Claire Rudy Foster ruminates on the harried and complicated identities of men and women in a contemporary American hegemonic context, in her short-story collection I’ve Never Done This Before. These six tales vibrate with violence and alienation, exploring sexuality as a weapon, a commodity, a link, or a wedge between lovers and strangers, yet Foster’s literary explorations refrain from making big-picture pronouncements, deferring to the intimate and immediate.
Foster’s writing is firm, grounded in a contemporary realistic literary style, with each story more resembling a meaningful snapshot than a dissection of the situation and its players. Strong metaphors are put to good use, allowing for multiple readings and intentional ambiguity. Although sex and sensuality are central to the series, eroticism and romance generally take a backseat to more factual, functional expressions of desire, which often goes unquenched.
A persistent theme of absence permeates each tale—a woman’s husband has retreated from her in favor of Internet porn; a man’s girlfriend attempts to torment him with not-so-subtle hints at infidelity—and what the corresponding partners choose to fill this void is of particular interest. In “Runaway,” Foster writes in the second person, drawing the reader into complicity; its tenor warns against choosing to be distant from or abandon the protagonist—and perhaps, by extension, the rest of the characters in the collection.

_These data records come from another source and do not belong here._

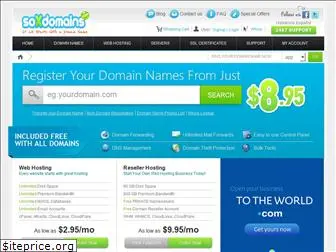 soxdomains.com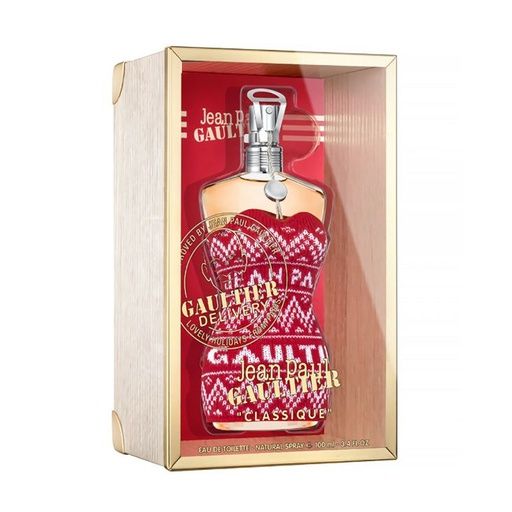 Foto do Produto JEAN PAUL GLITTER CLASSIQUE EDT 100ML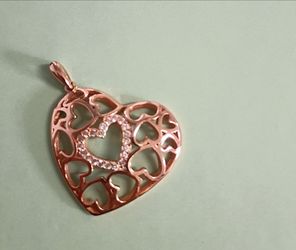 Heart Pendants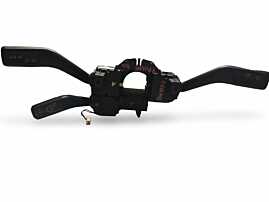 Ansamblu Maneta Manete Semnalizare Tempomat Pilot Automat Stergatoare Volkswagen Passat CC 2008 - 2012 cod 3C5953513B 3C5953507P [L7209]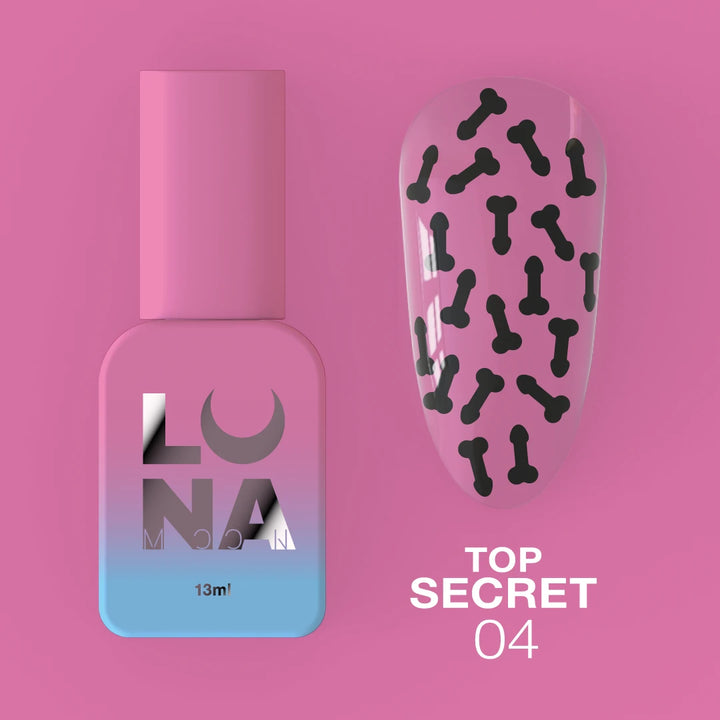 LUNAmoon Top Secret #04, 13ml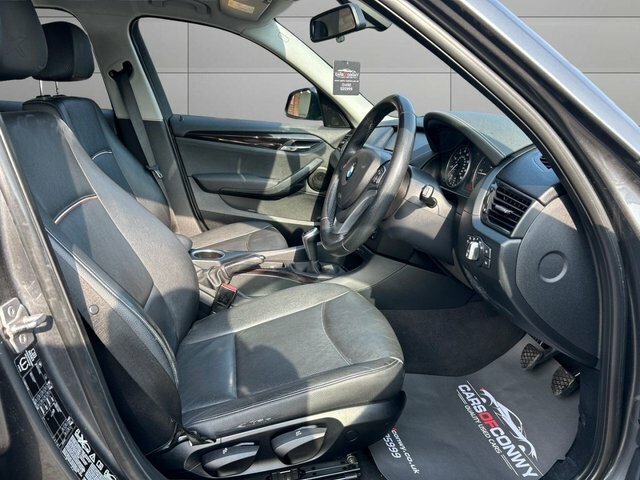 BMW X1 Suv White #11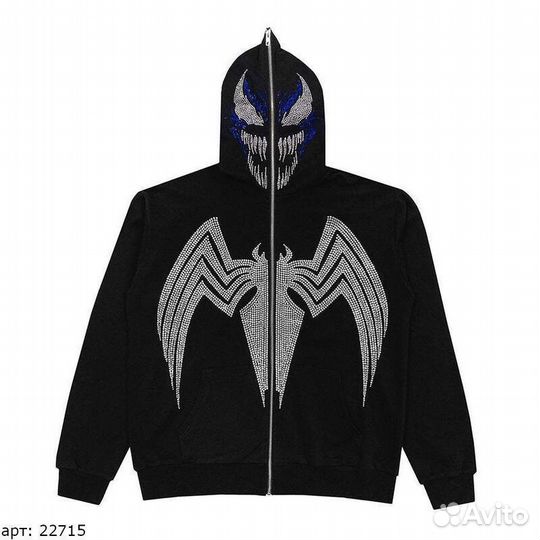 Худи Черное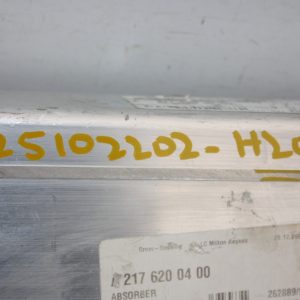 Mercedes S Class C217 Front Bumper Reinforcement Right Absorber 2015 TO 2021 - Image 3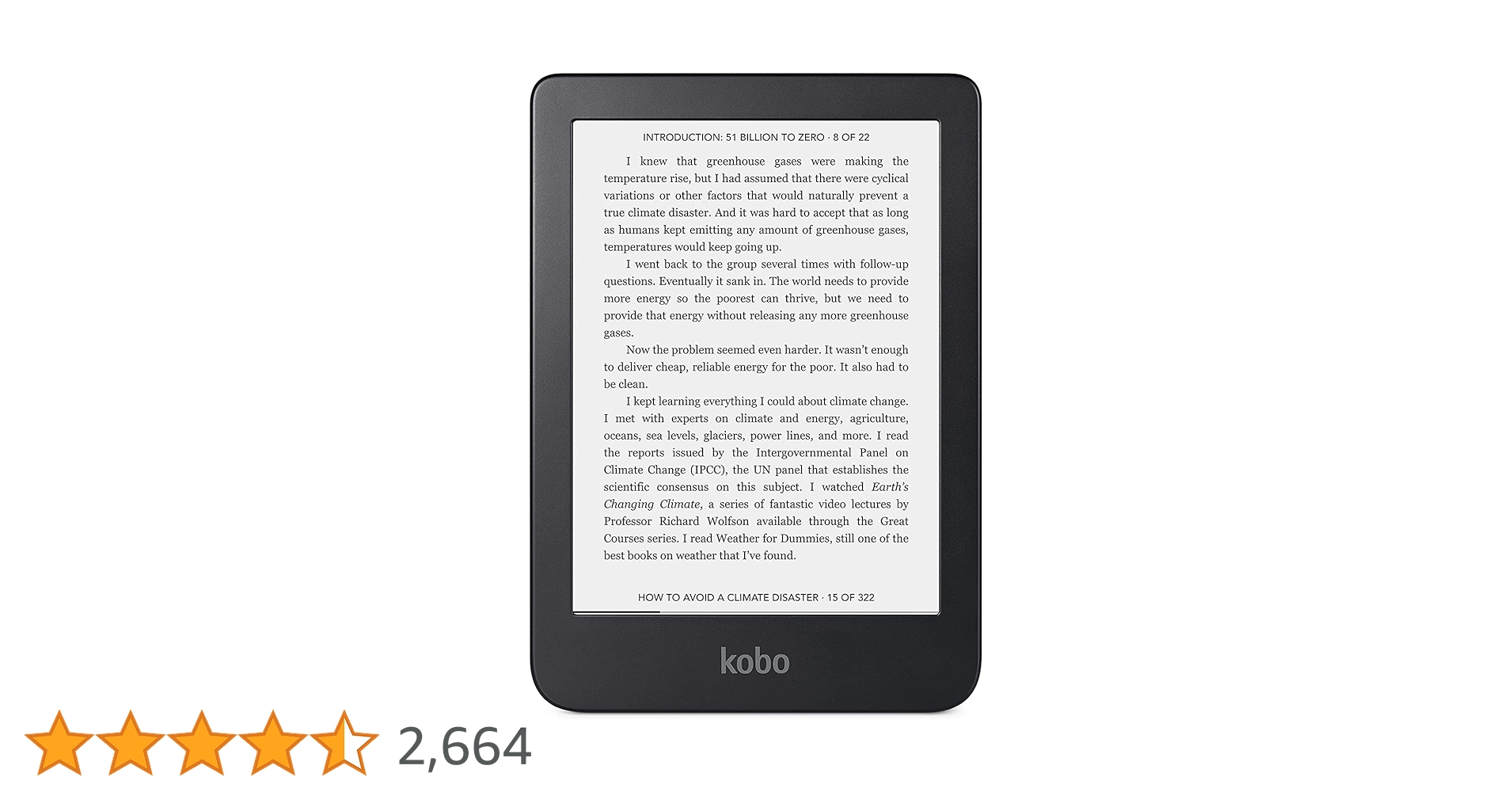 ほぼ未使用 Kobo Clara 2E 電子書籍リーダー　本体 楽天Kobo、新型電子書籍リーダー「Kobo Clara 2E」の予約受付を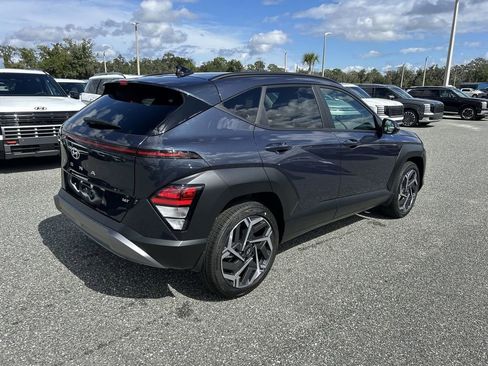 New 2026 Hyundai Kona SEL Premium image 11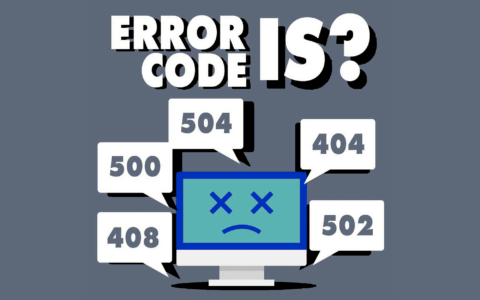 Error Code คืออะไร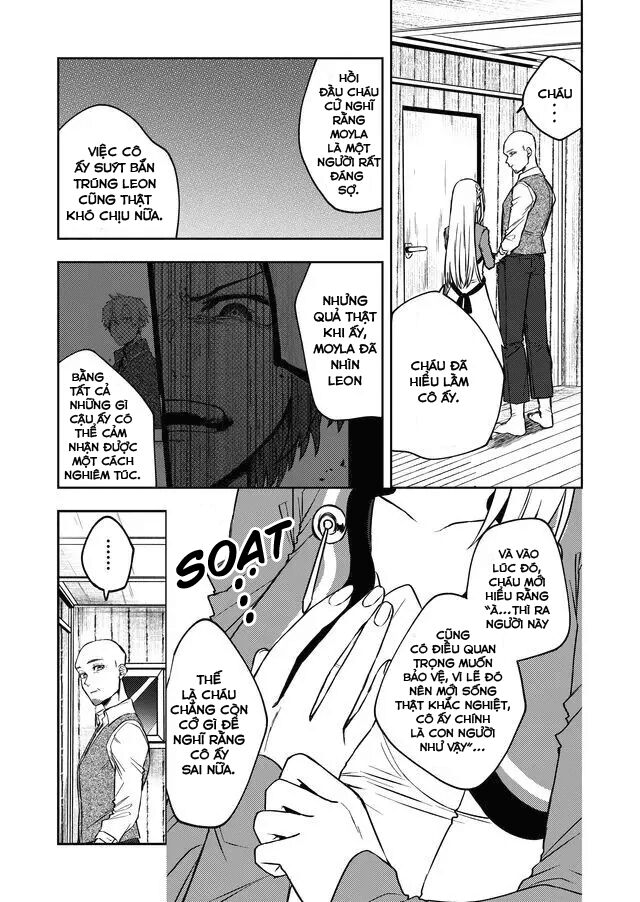Táng Nghi Sư Bất Tử Chapter 10 - Trang 2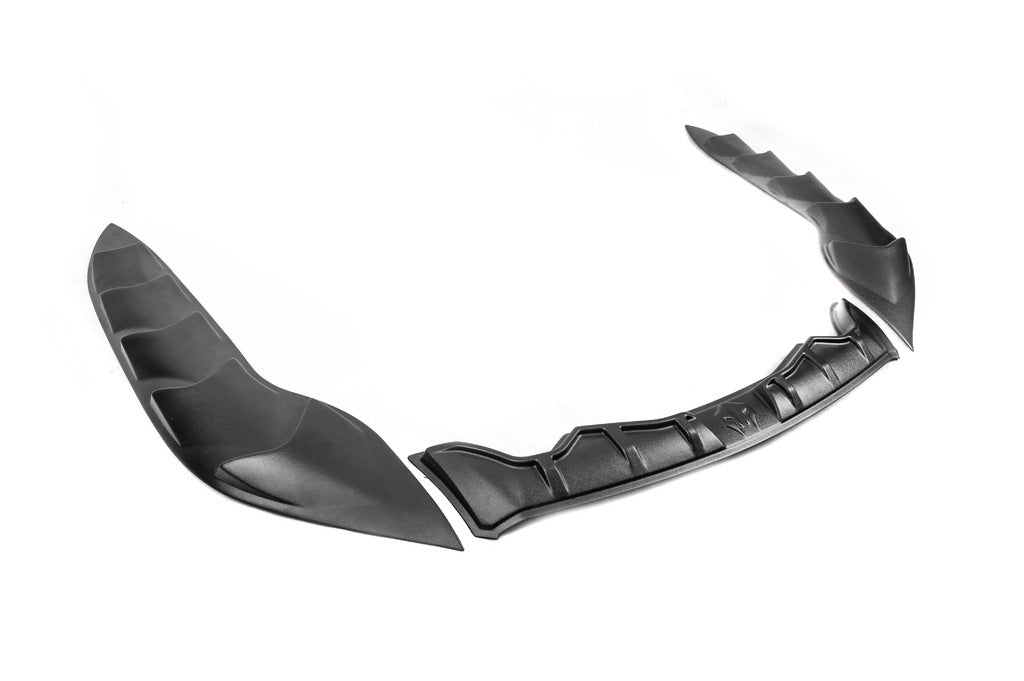 Hood Scoop Dragon (2015-2021, ABS) for Toyota Hilux 2015- - image 2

Coupling isn’t romanticized, despite a general tone that favors it throughout the collection: “My body missed him. My heart was on the fence,” observes the narrator in “Fidelity,” while Foster explores the concept of finding a relational “good fit” via a tailoring metaphor. Emotional and physical compatibility, and alienation from/of both the self and others, are an extension of this theme of separate, distant genders.
Characters are allowed to exist as both tender and rough, with external expressions often contrasting, out of habit or survival, with the interior. Foster’s stories examine classic questions: What do men really want from women? Is objectification unavoidable? Can fatalistic opposition truly benefit anyone involved, even those presumed to inhabit more advantageous social positions? This collection is a modern, feminist meditation.